Della strage di Piazza Fontana si è tornato a parlare in questi giorni in relazione all'uscita nelle sale cinematografiche di un film, "Romanzo di una strage", che si ispira al libro di Paolo Cucchiarelli "Il segreto di Piazza Fontana". Parlare di riconquista della sovranità nazionale significa parlare della Storia di questo Paese, una Storia con cui ancora 'fare i conti', per capire anche la fase attuale e, con cognizione di causa, 'tarare' ed indirizzare l'impegno politico.
PIAZZA FONTANA QUARANT'ANNI DOPO: SEGRETI SVELATI
ED UNA LEZIONE NON ANCORA TRATTA (prima parte)

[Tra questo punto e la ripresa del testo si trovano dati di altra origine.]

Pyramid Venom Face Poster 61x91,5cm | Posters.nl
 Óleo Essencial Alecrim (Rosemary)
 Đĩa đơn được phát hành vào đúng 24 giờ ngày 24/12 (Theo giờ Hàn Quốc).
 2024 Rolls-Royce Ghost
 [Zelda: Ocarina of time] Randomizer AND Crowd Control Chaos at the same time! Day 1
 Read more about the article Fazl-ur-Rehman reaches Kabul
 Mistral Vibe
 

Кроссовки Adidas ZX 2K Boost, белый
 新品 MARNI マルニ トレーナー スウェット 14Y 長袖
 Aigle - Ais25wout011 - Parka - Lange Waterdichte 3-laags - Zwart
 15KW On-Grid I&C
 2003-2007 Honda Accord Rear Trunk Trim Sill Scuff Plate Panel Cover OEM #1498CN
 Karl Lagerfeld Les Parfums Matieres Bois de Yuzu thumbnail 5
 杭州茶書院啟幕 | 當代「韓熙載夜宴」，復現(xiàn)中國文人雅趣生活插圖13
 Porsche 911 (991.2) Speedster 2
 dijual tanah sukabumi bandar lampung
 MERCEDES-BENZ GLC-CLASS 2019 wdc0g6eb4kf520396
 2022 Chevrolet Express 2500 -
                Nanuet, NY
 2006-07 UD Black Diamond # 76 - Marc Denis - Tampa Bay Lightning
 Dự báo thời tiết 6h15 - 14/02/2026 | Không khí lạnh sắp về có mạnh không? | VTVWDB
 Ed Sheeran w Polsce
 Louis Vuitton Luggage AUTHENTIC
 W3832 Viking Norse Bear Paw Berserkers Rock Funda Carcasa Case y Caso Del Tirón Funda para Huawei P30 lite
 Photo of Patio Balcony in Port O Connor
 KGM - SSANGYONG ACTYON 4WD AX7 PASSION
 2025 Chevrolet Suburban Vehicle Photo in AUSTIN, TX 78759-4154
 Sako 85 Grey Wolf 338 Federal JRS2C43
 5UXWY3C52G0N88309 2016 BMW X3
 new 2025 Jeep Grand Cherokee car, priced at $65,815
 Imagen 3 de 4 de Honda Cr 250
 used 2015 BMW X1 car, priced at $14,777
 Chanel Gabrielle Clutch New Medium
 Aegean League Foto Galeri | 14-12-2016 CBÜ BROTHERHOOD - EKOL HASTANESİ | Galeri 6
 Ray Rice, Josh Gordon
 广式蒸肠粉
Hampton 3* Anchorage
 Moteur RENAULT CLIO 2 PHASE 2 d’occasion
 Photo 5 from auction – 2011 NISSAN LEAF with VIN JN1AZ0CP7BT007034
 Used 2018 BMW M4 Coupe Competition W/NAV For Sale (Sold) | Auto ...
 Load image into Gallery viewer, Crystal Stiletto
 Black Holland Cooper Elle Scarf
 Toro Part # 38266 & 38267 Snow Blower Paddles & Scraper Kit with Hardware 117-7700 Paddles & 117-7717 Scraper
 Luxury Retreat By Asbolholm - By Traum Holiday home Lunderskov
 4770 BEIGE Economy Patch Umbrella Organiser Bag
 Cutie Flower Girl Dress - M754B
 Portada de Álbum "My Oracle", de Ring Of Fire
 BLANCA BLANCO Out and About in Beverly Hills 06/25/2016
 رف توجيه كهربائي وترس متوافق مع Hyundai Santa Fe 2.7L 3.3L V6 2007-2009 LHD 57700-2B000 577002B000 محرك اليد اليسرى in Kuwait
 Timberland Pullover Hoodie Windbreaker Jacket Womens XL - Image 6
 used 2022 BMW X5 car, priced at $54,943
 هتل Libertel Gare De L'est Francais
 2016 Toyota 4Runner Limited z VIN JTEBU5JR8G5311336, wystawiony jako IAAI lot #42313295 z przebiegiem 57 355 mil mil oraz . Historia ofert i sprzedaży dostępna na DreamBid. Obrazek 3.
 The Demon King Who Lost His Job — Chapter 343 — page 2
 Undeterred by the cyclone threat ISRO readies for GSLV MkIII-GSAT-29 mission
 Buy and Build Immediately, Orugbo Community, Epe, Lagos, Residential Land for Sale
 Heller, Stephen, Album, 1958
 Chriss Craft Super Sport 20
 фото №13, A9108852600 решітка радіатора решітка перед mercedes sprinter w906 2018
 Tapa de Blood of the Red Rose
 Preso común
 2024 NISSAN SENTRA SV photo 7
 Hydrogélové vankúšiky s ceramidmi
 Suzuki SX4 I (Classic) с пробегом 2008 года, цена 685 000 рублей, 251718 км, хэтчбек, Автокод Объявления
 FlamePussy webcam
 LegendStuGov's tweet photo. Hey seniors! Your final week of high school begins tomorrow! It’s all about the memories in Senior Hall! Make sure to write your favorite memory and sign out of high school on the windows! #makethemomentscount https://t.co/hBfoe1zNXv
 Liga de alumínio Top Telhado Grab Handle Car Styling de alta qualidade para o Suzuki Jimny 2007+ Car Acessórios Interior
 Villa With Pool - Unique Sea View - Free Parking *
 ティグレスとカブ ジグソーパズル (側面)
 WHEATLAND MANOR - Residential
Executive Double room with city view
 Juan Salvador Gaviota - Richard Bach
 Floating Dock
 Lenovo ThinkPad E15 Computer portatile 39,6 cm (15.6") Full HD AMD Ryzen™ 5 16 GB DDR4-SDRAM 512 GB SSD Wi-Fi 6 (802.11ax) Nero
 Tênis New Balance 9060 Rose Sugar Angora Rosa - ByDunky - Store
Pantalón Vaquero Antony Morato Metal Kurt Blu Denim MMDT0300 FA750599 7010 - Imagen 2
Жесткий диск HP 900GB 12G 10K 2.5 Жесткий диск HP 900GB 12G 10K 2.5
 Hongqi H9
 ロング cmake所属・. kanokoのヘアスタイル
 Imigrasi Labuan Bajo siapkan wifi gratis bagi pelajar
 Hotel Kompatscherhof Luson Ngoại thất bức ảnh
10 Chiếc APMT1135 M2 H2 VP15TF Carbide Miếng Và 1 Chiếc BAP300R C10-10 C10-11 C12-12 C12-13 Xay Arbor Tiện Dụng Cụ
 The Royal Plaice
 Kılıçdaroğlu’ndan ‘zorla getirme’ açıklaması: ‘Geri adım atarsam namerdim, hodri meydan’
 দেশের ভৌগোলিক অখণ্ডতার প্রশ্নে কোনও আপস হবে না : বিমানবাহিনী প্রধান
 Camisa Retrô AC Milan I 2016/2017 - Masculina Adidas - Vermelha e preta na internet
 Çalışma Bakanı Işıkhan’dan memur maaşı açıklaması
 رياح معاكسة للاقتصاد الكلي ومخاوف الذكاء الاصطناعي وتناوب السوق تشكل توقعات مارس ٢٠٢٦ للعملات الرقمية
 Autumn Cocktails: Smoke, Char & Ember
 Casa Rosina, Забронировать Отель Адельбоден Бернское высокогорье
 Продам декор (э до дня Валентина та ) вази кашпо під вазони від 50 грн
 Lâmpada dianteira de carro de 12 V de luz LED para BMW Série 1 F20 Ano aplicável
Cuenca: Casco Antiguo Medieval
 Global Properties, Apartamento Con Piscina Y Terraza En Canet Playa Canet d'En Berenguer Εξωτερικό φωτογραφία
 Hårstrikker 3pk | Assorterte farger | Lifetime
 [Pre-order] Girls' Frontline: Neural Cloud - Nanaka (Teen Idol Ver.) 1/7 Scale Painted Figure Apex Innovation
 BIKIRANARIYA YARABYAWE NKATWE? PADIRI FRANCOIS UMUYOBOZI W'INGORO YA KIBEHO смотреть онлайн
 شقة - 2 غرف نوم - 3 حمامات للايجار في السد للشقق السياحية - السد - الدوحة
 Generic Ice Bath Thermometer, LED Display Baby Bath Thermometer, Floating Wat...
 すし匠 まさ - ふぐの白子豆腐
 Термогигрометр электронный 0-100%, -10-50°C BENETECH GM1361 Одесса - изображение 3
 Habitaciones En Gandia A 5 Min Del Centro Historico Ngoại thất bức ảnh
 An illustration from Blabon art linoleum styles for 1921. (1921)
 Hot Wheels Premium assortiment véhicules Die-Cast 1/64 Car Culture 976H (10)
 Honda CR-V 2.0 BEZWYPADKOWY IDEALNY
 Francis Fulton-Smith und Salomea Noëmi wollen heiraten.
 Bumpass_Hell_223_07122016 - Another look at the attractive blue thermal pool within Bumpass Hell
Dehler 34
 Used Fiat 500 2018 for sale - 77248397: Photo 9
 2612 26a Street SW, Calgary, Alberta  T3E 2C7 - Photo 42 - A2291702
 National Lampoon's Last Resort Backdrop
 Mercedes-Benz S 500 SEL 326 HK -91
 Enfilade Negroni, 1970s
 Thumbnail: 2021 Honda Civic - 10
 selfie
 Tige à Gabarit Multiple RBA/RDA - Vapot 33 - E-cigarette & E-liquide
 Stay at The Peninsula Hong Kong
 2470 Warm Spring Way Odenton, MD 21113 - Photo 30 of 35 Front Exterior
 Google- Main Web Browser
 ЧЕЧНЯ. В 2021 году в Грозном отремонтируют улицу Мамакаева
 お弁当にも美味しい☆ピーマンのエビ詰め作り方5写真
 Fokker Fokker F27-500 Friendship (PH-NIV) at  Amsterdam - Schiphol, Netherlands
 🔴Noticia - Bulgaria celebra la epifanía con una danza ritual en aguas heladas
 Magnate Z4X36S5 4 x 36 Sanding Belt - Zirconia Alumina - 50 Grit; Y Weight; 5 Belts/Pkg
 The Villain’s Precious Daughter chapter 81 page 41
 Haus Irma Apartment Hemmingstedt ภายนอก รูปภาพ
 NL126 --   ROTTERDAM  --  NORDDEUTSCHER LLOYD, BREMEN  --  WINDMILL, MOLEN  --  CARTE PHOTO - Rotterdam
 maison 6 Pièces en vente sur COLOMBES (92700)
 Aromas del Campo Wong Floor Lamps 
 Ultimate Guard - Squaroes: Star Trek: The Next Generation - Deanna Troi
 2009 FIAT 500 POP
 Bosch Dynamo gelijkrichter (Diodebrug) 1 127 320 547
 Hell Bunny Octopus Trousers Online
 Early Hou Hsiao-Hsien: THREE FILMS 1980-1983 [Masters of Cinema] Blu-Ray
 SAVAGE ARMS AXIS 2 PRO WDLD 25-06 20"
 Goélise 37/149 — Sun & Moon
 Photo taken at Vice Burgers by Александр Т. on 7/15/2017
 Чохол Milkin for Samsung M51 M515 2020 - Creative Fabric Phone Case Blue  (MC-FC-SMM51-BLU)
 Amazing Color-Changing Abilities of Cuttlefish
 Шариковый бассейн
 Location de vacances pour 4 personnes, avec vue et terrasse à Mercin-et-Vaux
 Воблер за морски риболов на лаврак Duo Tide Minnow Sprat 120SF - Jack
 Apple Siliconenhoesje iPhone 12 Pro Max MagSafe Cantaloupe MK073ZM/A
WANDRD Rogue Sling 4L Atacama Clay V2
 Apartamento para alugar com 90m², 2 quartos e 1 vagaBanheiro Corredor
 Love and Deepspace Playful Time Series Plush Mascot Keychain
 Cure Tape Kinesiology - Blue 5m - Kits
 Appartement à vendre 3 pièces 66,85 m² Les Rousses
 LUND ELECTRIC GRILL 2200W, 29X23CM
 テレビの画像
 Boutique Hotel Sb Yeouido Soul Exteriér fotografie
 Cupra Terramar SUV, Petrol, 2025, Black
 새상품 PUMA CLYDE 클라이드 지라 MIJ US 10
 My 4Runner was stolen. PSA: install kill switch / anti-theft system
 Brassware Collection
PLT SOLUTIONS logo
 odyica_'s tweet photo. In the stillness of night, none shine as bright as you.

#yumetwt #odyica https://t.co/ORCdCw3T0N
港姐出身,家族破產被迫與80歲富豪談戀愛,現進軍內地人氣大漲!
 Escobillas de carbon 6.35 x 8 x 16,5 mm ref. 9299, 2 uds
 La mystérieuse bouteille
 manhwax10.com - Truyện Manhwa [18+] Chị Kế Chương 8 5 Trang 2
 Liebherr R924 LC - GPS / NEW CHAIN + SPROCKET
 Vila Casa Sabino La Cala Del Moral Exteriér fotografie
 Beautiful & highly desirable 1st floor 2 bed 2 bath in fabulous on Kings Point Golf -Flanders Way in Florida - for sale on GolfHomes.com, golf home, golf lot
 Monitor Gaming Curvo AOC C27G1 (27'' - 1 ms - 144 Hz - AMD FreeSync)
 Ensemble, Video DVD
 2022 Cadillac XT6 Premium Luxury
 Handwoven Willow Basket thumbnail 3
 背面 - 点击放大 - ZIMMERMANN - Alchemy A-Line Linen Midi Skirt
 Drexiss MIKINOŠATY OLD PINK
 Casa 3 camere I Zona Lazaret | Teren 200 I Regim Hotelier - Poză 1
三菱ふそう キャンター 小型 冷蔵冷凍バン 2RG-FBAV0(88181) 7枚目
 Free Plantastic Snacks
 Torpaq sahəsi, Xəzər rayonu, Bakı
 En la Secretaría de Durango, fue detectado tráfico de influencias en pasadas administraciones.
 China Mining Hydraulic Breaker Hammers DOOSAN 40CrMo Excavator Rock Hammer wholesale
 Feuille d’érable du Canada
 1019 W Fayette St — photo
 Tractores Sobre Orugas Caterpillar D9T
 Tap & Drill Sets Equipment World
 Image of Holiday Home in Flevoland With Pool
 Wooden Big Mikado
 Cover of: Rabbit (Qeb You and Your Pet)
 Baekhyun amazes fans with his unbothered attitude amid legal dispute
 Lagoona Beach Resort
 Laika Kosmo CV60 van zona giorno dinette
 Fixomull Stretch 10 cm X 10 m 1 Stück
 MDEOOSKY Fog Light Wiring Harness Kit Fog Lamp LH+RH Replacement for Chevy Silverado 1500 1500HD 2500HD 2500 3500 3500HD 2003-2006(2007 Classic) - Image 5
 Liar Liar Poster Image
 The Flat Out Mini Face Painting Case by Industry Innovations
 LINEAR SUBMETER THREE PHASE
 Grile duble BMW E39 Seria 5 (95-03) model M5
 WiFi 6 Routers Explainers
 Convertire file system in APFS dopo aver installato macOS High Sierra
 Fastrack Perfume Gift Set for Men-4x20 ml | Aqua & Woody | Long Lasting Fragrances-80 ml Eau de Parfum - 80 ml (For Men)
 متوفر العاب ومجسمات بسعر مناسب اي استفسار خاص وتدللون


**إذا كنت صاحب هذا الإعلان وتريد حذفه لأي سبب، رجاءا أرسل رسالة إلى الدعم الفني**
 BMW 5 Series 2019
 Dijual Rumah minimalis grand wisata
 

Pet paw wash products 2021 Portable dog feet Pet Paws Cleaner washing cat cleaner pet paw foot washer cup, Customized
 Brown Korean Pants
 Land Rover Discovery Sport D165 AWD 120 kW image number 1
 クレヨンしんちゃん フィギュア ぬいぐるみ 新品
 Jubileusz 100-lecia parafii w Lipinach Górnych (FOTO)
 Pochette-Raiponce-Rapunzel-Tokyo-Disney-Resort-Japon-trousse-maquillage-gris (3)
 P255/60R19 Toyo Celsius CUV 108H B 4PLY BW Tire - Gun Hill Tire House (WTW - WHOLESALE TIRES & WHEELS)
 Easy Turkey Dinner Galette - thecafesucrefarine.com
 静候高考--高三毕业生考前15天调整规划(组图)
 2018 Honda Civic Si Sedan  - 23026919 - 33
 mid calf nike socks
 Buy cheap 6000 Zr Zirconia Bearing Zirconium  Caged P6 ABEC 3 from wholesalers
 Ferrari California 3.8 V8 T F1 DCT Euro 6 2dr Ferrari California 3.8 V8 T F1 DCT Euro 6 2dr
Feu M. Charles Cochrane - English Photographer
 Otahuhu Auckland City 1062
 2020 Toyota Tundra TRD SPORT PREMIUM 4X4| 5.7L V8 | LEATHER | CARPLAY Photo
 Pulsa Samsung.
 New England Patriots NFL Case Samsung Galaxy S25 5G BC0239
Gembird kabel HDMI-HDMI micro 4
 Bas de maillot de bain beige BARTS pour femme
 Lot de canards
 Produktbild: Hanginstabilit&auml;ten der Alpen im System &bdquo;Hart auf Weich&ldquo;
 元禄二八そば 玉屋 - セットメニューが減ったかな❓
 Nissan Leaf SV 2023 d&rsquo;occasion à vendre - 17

Il 12 dicembre 1969, nella Banca Nazionale dell’Agricoltura di Piazza Fontana, a Milano, una devastante esplosione causa la morte di 17 persone ed il ferimento di 88. Altri 3 ordigni scoppiano contemporaneamente a Roma (due all’Altare della Patria ed uno alla Banca Commerciale) senza provocare vittime. Un'altra bomba viene trovata inesplosa, a Milano, alla Banca Commerciale. Quali le ragioni della strage? Chi gli esecutori ed i mandanti degli attentati? Sono quesiti a cui prova a rispondere Paolo Cucchiarelli, giornalista dell’ANSA. L'opera "Il segreto di Piazza Fontana" è tanto complessa quanto stimolante. Il lavoro è diviso in quattro dense e documentatissime parti. Nella prima parte il giornalista ci introduce agli oggetti mancanti, dimenticati, dispersi o occultati, che hanno reso impossibile giungere alla verità giudiziaria e condannare i veri responsabili della strage. Nella seconda si riesamina in particolare tutta la vicenda di Pinelli e della sua morte alla Questura di Milano (14 dicembre 1969). Nella terza viene analizzata la strategia dell’infiltrazione e della provocazione che la destra radicale di Ordine Nuovo e Avanguardia Nazionale effettuò nei confronti degli anarchici e della sinistra marxista-leninista. I neofascisti erano i registi e bracci operativi determinanti per realizzare attentati da addebitare ad altri. Nella quarta ed ultima parte l’autore esamina il quadro internazionale e le preoccupazioni geopolitiche statunitensi. Gli USA avevano dato semaforo verde ad una strategia che nelle speranze neofasciste voleva portare all'instaurazione di una dittatura sul modello dei Colonnelli greci.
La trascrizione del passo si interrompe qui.